ある日「小さな巨人」と呼ばれ躍動する地元・宮城県立烏野高校のエースに心奪われバレーボールを始めた小柄な少年・日向翔陽。

中学時代は環境に恵まれず、3年最後の大会にようやくメンバーを集めて出場するも、「コート上の王様」と呼ばれる天才セッター・影山飛雄擁する強豪・北川第一中に惨敗してしまう。

影山へのリベンジを果たすべく憧れの烏野高校バレーボール部に入部した日向だが、奇しくも影山もチームメイトとなり、他の1年生である月島・山口や主将の澤村、副主将の菅原、2年でムードメーカーの田中らと共に新チームとして始動する。

早速県内の強豪である青葉城西高校との練習試合が実現し、超攻撃的セッターの及川が不在ながらも勝利を挙げた烏野。

迫るインハイ予選に向け、烏野は烏養を新たな指導者に迎え、リベロの西谷とエースの東峰も帰ってきた。

GWの合宿では長年のライバルである東京の古豪・音駒高校との練習試合に完敗したが、烏野は全国の舞台でのリベンジを誓いインハイ予選へ臨む。

そしてインターハイ予選が開幕し、初戦を危なげなく突破した烏野は2回戦で鉄壁のブロックを誇る伊達工業も撃破。

3回戦で及川率いる青葉城西と対戦するもファイナルセットまで突入した激闘の末に惜しくも敗れ、烏野は3回戦で姿を消すこととなる。

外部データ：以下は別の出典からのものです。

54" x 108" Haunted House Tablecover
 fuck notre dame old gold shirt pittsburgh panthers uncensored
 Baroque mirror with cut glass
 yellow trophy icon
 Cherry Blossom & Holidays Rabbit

その青葉城西も王者・白鳥沢に敗れて準優勝となり、乗り越えるべき壁の高さを知った烏野は、次の舞台である春高バレーに向けて3年生全員が部活を続けることを決意。

さらに強くなるための道を模索するなか、音駒ら強豪校が集まる東京での合同練習に招待された烏野。

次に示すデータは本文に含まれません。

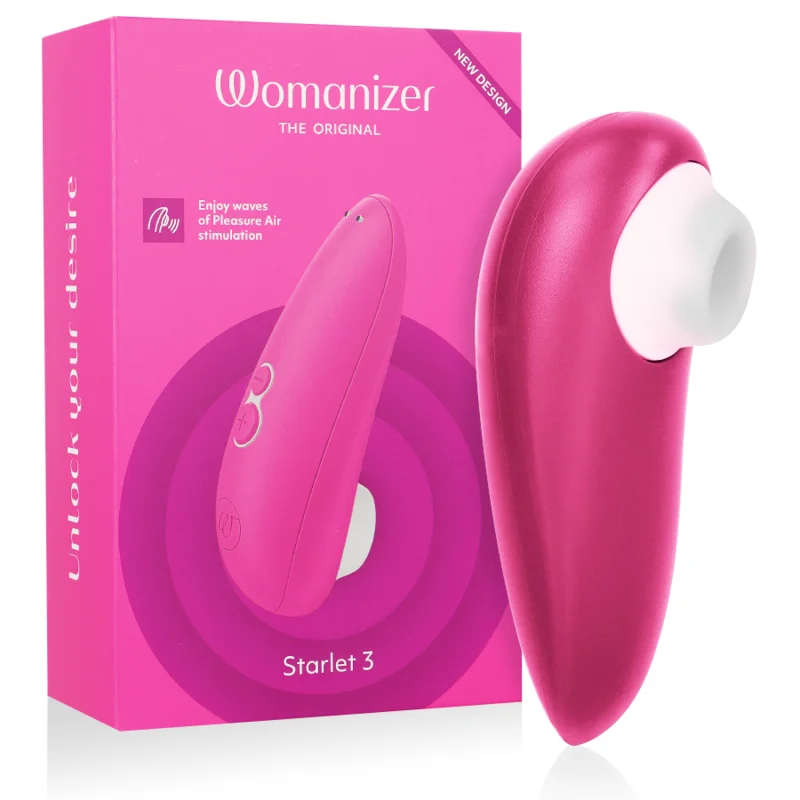 Starlet 3 - Clitoral Stimulator With Pleasure Air - Pink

期末テストで補修となった日向と影山が遅れての参加となり、音駒にも新たに加入した長身の灰羽リエーフらライバルに触発された日向が成長の糸口を探るようになる。

果たして日向の変化はチームにどんな影響をもたらすのか―。

 

10巻のあらすじを振り返ってみましょう。以下ネタバレ注意です。

大きな伸びしろ

日向が変わり始めたことでチームにも変化が起きていく。

チームとして1番弱いということは1番伸びしろがあるということ。

〈伸びしろしかない [ハイキュー!! 10巻](c)集英社/古舘春一〉

サーブに力を入れる生川高校、チーム全体のコンビネーションに定評のある森然高校、大エース木兎率いる梟谷学園と、みな見習うべき存在。

自分のトスが正しいと信じていた影山は、日向が自分で考え始めたことに苛立ち日向と衝突する。

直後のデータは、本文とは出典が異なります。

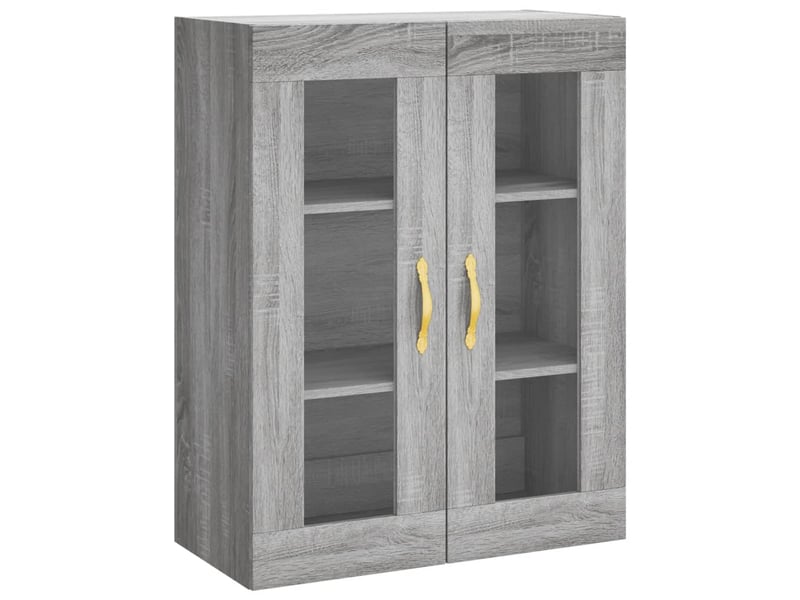  Buffet haut - bahut - meuble de rangement sonoma gris 69,5x34x180 cm bois d'ingénierie  - Conforama E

〈トスを殺す [ハイキュー!! 10巻](c)集英社/古舘春一〉

影山は同じセッターとして及川に頭を下げて教えを請い、「日向が攻撃の主導権を握っている」という事実に気付かされ、烏養コーチの教えもありトスの勢いを殺して日向の選択肢を増やす練習に入った。

一方の日向は烏養元監督のもとを訪れ、スパイクの助走に入るタイミングの違いについて学ぶ。

〈烏養元監督から教わる日向 [ハイキュー!! 10巻](c)集英社/古舘春一〉

東峰はサーブの強化、西谷は青葉城西の真似でオーバーハンドトスの練習、山口はジャンプフローターサーブの精度UP、そしてチームとしても森然高校を真似てシンクロ攻撃の練習を始めるのだった。

アツくなれない月島

再び東京遠征が組まれ、春高予選前の最後の長期合宿となる。

他のチームの技を貪欲に吸収し始めた烏野だが、全てが発展途上にありまるで噛み合わない。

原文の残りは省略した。